美大の学生ベン(ショーン・ビガースタッフ)は、幼い頃からちょっとエッチなことが好きな、普通の男の子。しかし彼はそんな女性の持つエロスを、自ら絵を描くという生き方に昇華してゆきます。
ただ、授業では彼の心を動かすような美しさには出会えない。そんな彼は、ちょっとした行き違いでガールフレンドのスージー(ミシェル・ライアン)に罵声を浴びせられつつ破局。しかし、彼女のことが忘れられず、とうとう不眠症になってしまいます。
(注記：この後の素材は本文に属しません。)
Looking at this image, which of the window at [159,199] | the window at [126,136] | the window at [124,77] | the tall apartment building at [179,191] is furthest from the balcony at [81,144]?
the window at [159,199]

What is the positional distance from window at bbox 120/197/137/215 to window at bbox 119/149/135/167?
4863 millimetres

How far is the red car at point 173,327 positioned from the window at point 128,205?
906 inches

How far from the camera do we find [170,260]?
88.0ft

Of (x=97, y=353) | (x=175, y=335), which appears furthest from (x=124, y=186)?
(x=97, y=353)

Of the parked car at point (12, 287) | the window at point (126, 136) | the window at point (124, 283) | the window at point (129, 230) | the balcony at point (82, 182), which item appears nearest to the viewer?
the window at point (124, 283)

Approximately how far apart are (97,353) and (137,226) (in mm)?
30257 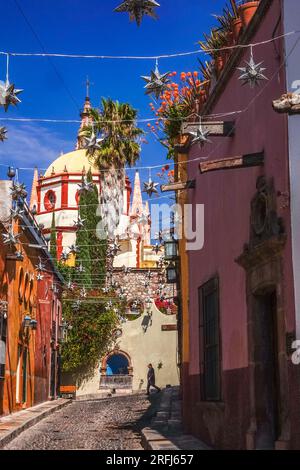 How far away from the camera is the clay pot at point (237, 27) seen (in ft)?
33.0

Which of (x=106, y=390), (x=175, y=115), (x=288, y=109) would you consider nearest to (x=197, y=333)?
(x=175, y=115)

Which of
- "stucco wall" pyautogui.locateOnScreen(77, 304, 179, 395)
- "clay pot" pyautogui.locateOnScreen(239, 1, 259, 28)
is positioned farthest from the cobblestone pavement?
"stucco wall" pyautogui.locateOnScreen(77, 304, 179, 395)

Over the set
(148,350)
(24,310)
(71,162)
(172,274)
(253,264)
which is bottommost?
(148,350)

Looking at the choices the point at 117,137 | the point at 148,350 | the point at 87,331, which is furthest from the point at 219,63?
the point at 87,331

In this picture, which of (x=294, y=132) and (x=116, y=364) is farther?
(x=116, y=364)

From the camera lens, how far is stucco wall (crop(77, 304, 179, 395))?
34.8m

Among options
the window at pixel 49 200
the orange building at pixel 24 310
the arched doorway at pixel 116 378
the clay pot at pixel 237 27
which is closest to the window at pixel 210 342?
the clay pot at pixel 237 27

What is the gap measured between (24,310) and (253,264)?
14208mm

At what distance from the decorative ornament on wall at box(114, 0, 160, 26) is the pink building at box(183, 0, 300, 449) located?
183 centimetres

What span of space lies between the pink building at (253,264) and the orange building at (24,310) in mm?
5442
眠れない8時間を有意義に過ごそうと、夜中のスーパーで働くようになった彼は、時間を止めるという能力を身につけます。初めはちょっとした悪戯しかしていなかった彼は、ある日から勤務中に時間を止め、客の若い女性たちの洋服を脱がせては、彼女たちをスケッチブックに書き写してゆきます。というシーンが、ジャケットになっていたわけですが・・・。
で、同じスーパーで働くシャロン(エミリア・フォックス)とある日、それぞれの夢を語りあうことで彼はとうとうスージーの呪縛、「眠れない夜」から解き放たれます。
かつてフロイトという心理学者が、「性欲論」なるものを著し、人には生まれながらにして性欲なるものが存在し、人の生き死にに大きな影響を与えると説きました。愛と性欲の狭間で揺れ動いていた頃読んだこの本、結局そんな本能的な欲望をどういう形で昇華するかによって、人は無比の芸術家にも前代未聞の犯罪者にもなります。特に男性の場合・・・。
で、この映画をいわゆる「エッチな映画」の延長で見ると、完全に消化不良な作品でしかありません。彼にとって「エロス」とは、彼の追い求める「美」の生々しい体験であり、時間を止めながら、逆に人の生きる、とどまることのない時に流れの中から、「美しさ」そのものを鉛筆で切り取ってゆきます。
とはいっても、まあこんな主題が世紀の大作になるはずもなく、またコメディや青春ドラマ、「ボーイ・ミーツ・ガール」にファンタジーといった、さまざまな要素をぶち込んだ為に、全体的には希薄であり、逆にそのことがこの犯罪的視点を軽やかに見せてくれます。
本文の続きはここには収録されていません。